Identification of the proteolytic signature in CVB3-infected cells

Abstract

Coxsackievirus B3 (CVB3) encodes proteinases that are essential for processing of the translated viral polyprotein. Viral proteinases also target host proteins to manipulate cellular processes and evade innate antiviral responses to promote replication and infection. While some host protein substrates of the CVB3 3C and 2A cysteine proteinases have been identified, the full repertoire of targets is not known. Here, we utilize an unbiased quantitative proteomics-based approach termed terminal amine isotopic labeling of substrates (TAILS) to conduct a global analysis of CVB3 protease-generated N-terminal peptides in both human HeLa and mouse cardiomyocyte (HL-1) cell lines infected with CVB3. We identified >800 proteins that are cleaved in CVB3-infected HeLa and HL-1 cells including the viral polyprotein, known substrates of viral 3C proteinase such as PABP, DDX58, and HNRNPs M, K, and D and novel cellular proteins. Network and GO-term analysis showed an enrichment in biological processes including immune response and activation, RNA processing, and lipid metabolism. We validated a subset of candidate substrates that are cleaved under CVB3 infection and some are direct targets of 3C proteinase in vitro. Moreover, depletion of a subset of TAILS-identified target proteins decreased viral yield. Characterization of two target proteins showed that expression of 3C^pro-targeted cleaved fragments of emerin and aminoacyl-tRNA synthetase complex-interacting multifunctional protein 2 modulated autophagy and the nuclear factor kappa-light-chain-enhancer of activated B cells (NF-κB) pathway, respectively. The comprehensive identification of host proteins targeted during virus infection provides insights into the cellular pathways manipulated to facilitate infection.

Importance: RNA viruses encode proteases that are responsible for processing viral proteins into their mature form. Viral proteases also target and cleave host cellular proteins; however, the full catalog of these target proteins is incomplete. We use a technique called terminal amine isotopic labeling of substrates (TAILS), an N-terminomics to identify host proteins that are cleaved under virus infection.
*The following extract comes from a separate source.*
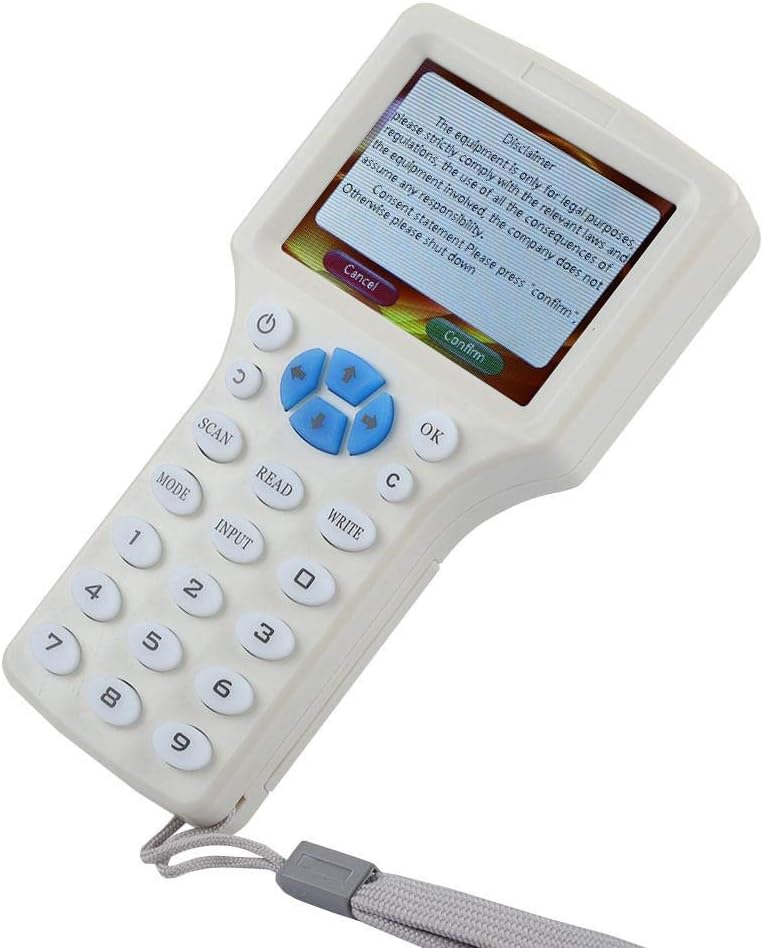 Handheld RFID Copier ID IC Reader Writer with 3.2 Inch Screen D884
We identify hundreds of cellular proteins that are cleaved under infection, some of which are targeted directly by viral protease. Revealing these target proteins provides insights into the host cellular pathways and antiviral signaling factors that are modulated to promote virus infection and potentially leading to virus-induced pathogenesis.
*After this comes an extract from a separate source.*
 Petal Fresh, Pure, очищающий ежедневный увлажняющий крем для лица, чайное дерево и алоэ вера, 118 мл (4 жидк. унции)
Keywords: AIMP2; EMD; N-terminomics; degradomics; picornavirus; protease.

Fig 1

Strategy for identifying proteolytic substrates in CVB3-infected cells using TAILS. (A) Flowchart of TAILS approach for CVB3-infected HeLa and HL-1 cells. Immunofluorescence of mock- and CVB3-infected (B) HeLa cells (MOI 10, 5 h.p.i., scale bar 20 µm) or (C) HL-1 cells (MOI 50, 20 h.p.i., scale bar 10 µm) stained with 4′,6-diamidino-2-phenylindole (DAPI) (blue) and VP1 (green).

Fig 2

N-terminal peptides of the CVB3 polyprotein detected by TAILS. (A) Graphical presentation of cleavage sites detected in the polyprotein inferred by TAILS analysis, with known cleavage sites indicated above. TAILS analysis also detected other potential cleavage site indicated below. Colors depict data sets in which TAILS peptides were detected: both HeLa and HL-1 (purple), HL-1 (red), and HeLa (blue). (B) Table showing TAILS-identified peptides within the CVB3 polyprotein including the peptide locations and the high-to-low (H/L) ratios in both biological replicates. Number of biological replicates and technical replicates in which the peptides were detected are also included. Peptide modifications are indicated by asterisk (*, dimethylated), underlined (acetylation), and italics (carbamidomethylation). Predicted upstream peptides are included (P10–P1) with those displaying an arginine in P1 in gray. Known CVB3 cleavage peptides are indicated in bold.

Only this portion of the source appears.